How do you find intercepts, extrema, points of inflections, asymptotes and graph #y=x/(x^2+1)#?

1 Answer
Jan 4, 2017

graph{x/(x^2+1) [-10, 10, -1, 1]}

Explanation:

The domain of the function is the entire #RR#, as the denominator of the rational function is always #>0#.

We have that:

#lim_(x->-oo) x/(x^2+1) = 0#

#lim_(x->+oo) x/(x^2+1) = 0#

We can see that #y(x)# has the line #y=0# as horizontal asymptote on both sides.
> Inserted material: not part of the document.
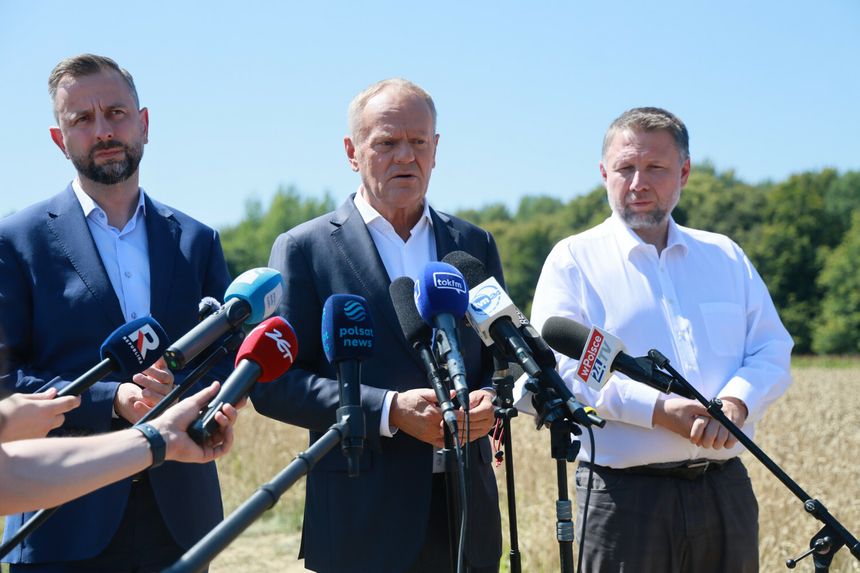 Ppremier z szefami MON i MSWiA w miejscowości Tarnawa Kolonia gdzie upadła rosyjska rakieta
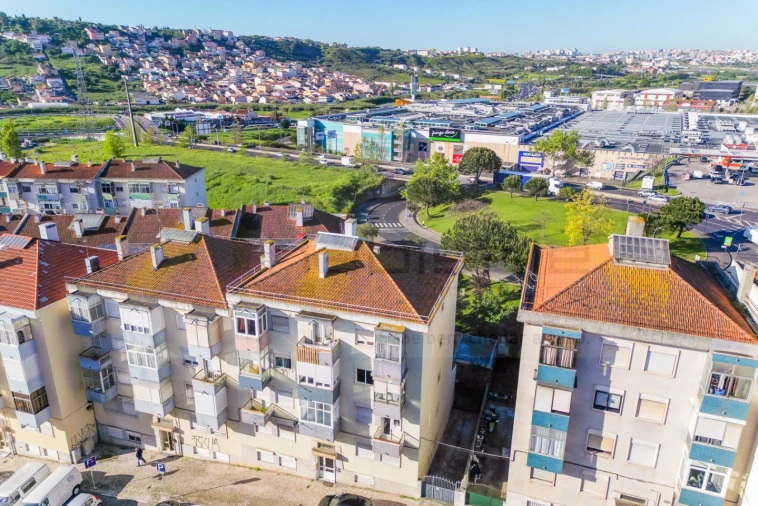 Apartamento T2 para Arrendamento em Odivelas Foto 20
We can also see that:

#y(x) < 0 # for #x<0#
#y(x) > 0 # for #x>0#
#y(x) = 0 # for #x=0#

So #x=0# is the only intercept.

#y'(x) = frac(1-x^2) ((x^2+1)^2)#

As the denominator of #y'(x)# is always positive the function is differentiable everywhere and:

#y'(x) <0# for #x in (-oo,-1)# and #in in (1,+oo)#
#y'(x) >0# for #x in (-1,1)#
#y'(x) = 0# for #x=+-1#

Therefore #y(x)# starts from #y=0# at #x->-oo# and decreases until #x=-1# where it reaches a local minimum #y(-1)=-1/2#. It then increases until #x=1# (changing sign at #x=0#) where it reaches a local maximum at #y(1) = 1/2#, and then decreases approaching zero indefinitely as #x->+oo#

#y''(x) = frac (2x(x^2-3)) ((x^2+1)^3)#

so inflection points are: #x=0# and #x=+-sqrt(3)# and the concavity is determined by the sign of #y''(x)#:

for #x in (-oo, -sqrt(3)), y''(x) <0, y(x)# is concave down
for #x in (-sqrt(3),0), y''(x) >0, y(x)# is concave up
for #x in (0, sqrt(3)), y''(x) <0, y(x)# is concave down
for #x in (sqrt(3),+oo), y''(x) >0, y(x)# is concave up